## What to produce
From the listing below, copy only the lines running from the line that contains "dzieci i aktorzy" to the line that contains "Natalan Bersama Masyarakat", both included.

## Records
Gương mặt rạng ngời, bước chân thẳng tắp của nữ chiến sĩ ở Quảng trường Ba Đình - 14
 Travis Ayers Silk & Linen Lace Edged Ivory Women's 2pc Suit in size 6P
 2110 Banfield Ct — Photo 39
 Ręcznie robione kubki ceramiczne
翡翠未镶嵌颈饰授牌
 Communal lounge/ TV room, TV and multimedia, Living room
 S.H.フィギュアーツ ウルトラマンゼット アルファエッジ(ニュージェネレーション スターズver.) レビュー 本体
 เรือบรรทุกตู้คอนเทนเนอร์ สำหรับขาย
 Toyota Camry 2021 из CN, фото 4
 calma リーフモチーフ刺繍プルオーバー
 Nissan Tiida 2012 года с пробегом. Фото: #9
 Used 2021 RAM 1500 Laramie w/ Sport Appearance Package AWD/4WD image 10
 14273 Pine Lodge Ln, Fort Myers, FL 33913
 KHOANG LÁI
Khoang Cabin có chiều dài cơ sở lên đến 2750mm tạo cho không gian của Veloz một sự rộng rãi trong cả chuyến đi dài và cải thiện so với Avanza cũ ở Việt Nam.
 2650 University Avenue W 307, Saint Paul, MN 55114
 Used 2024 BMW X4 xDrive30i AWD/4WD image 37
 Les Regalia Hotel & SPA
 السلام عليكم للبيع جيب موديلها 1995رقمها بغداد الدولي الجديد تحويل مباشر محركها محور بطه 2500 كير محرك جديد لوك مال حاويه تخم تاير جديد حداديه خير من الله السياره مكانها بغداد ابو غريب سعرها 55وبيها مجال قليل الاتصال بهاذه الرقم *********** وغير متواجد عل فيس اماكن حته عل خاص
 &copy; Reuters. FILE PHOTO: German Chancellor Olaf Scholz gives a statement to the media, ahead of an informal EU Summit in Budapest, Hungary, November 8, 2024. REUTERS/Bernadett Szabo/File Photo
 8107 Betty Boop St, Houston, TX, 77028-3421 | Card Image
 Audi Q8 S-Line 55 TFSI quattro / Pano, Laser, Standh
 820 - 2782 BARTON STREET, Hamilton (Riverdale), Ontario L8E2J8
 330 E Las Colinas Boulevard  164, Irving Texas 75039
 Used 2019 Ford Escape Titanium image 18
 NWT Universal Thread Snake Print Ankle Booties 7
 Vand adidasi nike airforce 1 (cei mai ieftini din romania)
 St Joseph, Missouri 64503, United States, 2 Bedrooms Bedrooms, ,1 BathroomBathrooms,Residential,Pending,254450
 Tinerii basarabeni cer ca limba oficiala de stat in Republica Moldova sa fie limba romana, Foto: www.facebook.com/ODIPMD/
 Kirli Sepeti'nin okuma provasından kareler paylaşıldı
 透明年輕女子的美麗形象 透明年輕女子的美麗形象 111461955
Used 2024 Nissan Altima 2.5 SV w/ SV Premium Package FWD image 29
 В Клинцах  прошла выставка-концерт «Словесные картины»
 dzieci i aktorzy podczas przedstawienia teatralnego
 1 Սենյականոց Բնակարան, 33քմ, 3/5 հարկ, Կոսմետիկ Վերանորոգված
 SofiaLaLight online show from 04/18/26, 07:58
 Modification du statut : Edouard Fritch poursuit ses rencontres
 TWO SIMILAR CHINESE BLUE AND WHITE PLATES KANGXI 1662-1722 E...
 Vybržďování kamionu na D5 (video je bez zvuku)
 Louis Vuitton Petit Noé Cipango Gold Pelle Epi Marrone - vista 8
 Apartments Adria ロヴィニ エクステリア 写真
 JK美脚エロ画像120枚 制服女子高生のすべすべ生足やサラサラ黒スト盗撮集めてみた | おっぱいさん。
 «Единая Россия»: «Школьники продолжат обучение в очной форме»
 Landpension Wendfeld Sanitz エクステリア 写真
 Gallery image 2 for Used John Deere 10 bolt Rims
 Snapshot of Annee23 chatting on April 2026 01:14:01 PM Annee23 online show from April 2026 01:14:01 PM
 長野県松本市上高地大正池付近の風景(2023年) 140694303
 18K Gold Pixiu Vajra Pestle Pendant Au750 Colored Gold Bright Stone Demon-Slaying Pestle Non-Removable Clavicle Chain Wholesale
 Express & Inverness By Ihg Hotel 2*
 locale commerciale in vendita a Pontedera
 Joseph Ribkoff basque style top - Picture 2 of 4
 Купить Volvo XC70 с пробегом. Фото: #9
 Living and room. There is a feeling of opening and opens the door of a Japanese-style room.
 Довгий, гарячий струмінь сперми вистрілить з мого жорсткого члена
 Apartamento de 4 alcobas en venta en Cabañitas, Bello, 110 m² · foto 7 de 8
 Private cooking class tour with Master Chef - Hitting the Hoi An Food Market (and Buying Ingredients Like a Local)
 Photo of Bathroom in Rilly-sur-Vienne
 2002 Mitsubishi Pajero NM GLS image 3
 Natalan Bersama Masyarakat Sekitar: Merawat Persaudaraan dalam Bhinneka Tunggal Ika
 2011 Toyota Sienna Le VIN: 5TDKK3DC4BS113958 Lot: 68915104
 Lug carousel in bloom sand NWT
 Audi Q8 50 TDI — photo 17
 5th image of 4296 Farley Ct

## Your response
 dzieci i aktorzy podczas przedstawienia teatralnego
 1 Սենյականոց Բնակարան, 33քմ, 3/5 հարկ, Կոսմետիկ Վերանորոգված
 SofiaLaLight online show from 04/18/26, 07:58
 Modification du statut : Edouard Fritch poursuit ses rencontres
 TWO SIMILAR CHINESE BLUE AND WHITE PLATES KANGXI 1662-1722 E...
 Vybržďování kamionu na D5 (video je bez zvuku)
 Louis Vuitton Petit Noé Cipango Gold Pelle Epi Marrone - vista 8
 Apartments Adria ロヴィニ エクステリア 写真
 JK美脚エロ画像120枚 制服女子高生のすべすべ生足やサラサラ黒スト盗撮集めてみた | おっぱいさん。
 «Единая Россия»: «Школьники продолжат обучение в очной форме»
 Landpension Wendfeld Sanitz エクステリア 写真
 Gallery image 2 for Used John Deere 10 bolt Rims
 Snapshot of Annee23 chatting on April 2026 01:14:01 PM Annee23 online show from April 2026 01:14:01 PM
 長野県松本市上高地大正池付近の風景(2023年) 140694303
 18K Gold Pixiu Vajra Pestle Pendant Au750 Colored Gold Bright Stone Demon-Slaying Pestle Non-Removable Clavicle Chain Wholesale
 Express & Inverness By Ihg Hotel 2*
 locale commerciale in vendita a Pontedera
 Joseph Ribkoff basque style top - Picture 2 of 4
 Купить Volvo XC70 с пробегом. Фото: #9
 Living and room. There is a feeling of opening and opens the door of a Japanese-style room.
 Довгий, гарячий струмінь сперми вистрілить з мого жорсткого члена
 Apartamento de 4 alcobas en venta en Cabañitas, Bello, 110 m² · foto 7 de 8
 Private cooking class tour with Master Chef - Hitting the Hoi An Food Market (and Buying Ingredients Like a Local)
 Photo of Bathroom in Rilly-sur-Vienne
 2002 Mitsubishi Pajero NM GLS image 3
 Natalan Bersama Masyarakat Sekitar: Merawat Persaudaraan dalam Bhinneka Tunggal Ika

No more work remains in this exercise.